Books

Katy Waldman’s 10 Favorite Books of 2017

A reimagined Odyssey, Hillary Clinton’s reckoning, and fairy tales about sexual horror.

Photo illustration by Slate

Manhattan Beach, by Jennifer Egan
Read Laura Miller’s review of Manhattan Beach.
Listen to Slate’s Audio Book Club discuss the book.

Jennifer Egan reportedly wrote A Visit From the Goon Squad, her mesmerizing, Pulitzer Prize–winning novel in stories from 2010, to avoid working on a piece of “bad historical fiction” she’d started. Seven years later, that decidedly not-bad work of historical fiction has arrived in bookstores, a monument to old-fashioned storytelling virtues: appealingly complex characters, a cracking plot, ace writing that ranges from hardboiled to funny to dreamy. This is the only title that appears on both my list and my colleague Laura Miller’s, because we agreed that readers might need a nudge to open a book that on its surface eschews Egan’s signature experimentation. Consider yourself nudged! Manhattan Beach, a gloriously comforting spectacle of gangsters, divers, sailors, and banker-socialite-politicians in World War II–era New York, is as immersive as the ocean that pounds at its mysterious heart.

Conversations With Friends, by Sally Rooney
Read Katy Waldman’s review of Conversations With Friends.
Listen to Slate’s Audio Book Club discuss the book.

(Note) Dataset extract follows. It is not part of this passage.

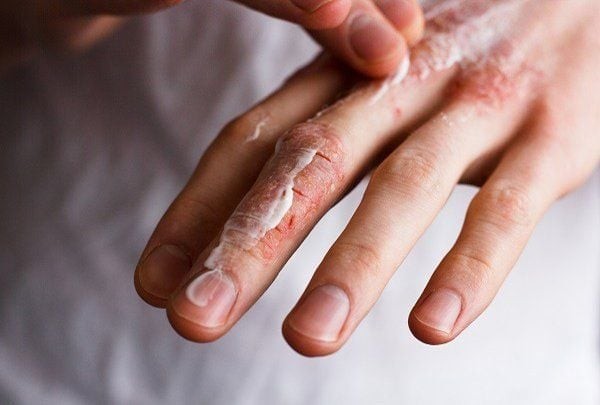 Khi không được cấp ẩm đầy đủ, da tay dễ trở nên khô căng, đau rát mỗi khi cử động.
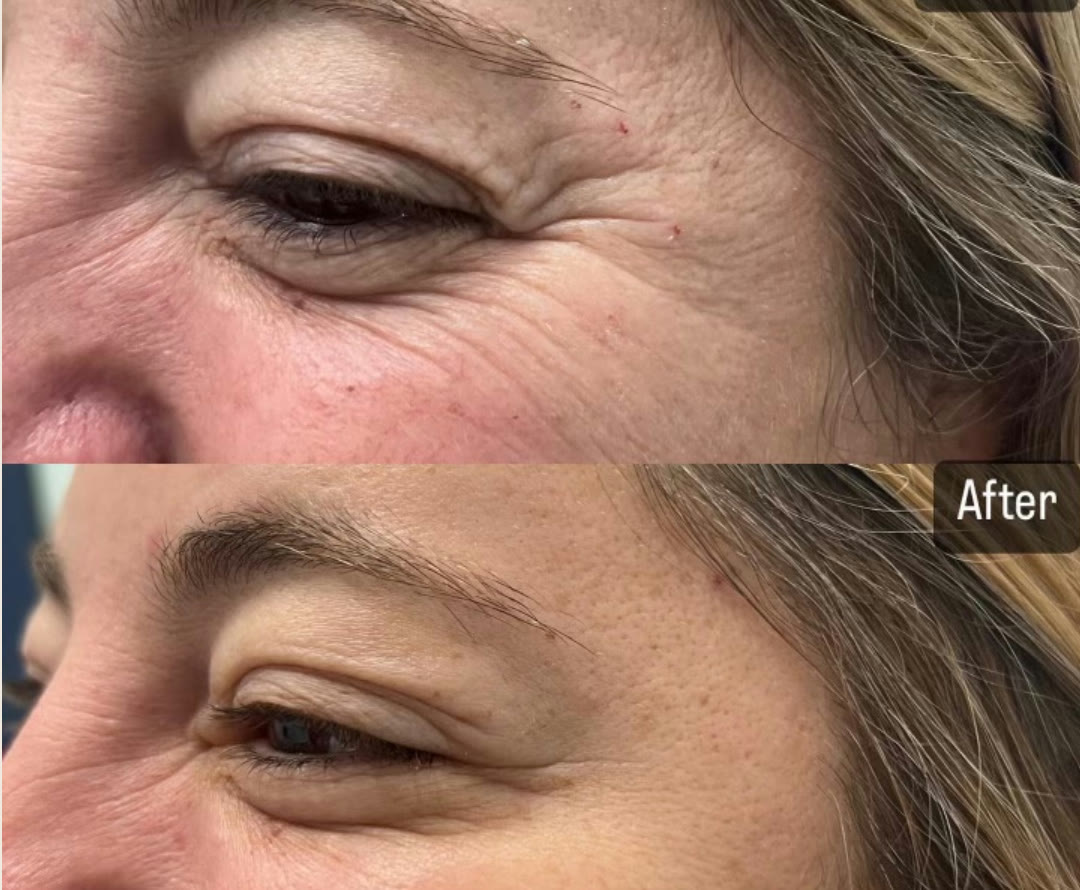 Before and after &mdash; Daxxify &mdash; Crow&rsquo;s Feet · before and after composite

“What is a friend?” the characters in this hyperverbal debut novel like to ask each other. “What is a conversation?” Rooney poses far more questions than answers in her tart, cerebral book about young anti-establishment poets and writers attempting to transcend their own glibness. Frances and Bobbi are best friends who get involved with an older couple, Melissa and Nick. The tangled dynamics and emotions that result—romantic, professional, platonic, a combination of all of the above—are just the beginning of what these articulate characters can’t find words for. A classic bildungsroman that also comes to terms with the economic uncertainties of post-crash Dublin and the existential uncertainties of illness and the body, Conversations With Friends swings from playful to soulful and dazzles throughout.

What Happened, by Hillary Clinton
Read Michelle Goldberg’s review of What Happened.
Listen to Slate’s Audio Book Club discuss the book.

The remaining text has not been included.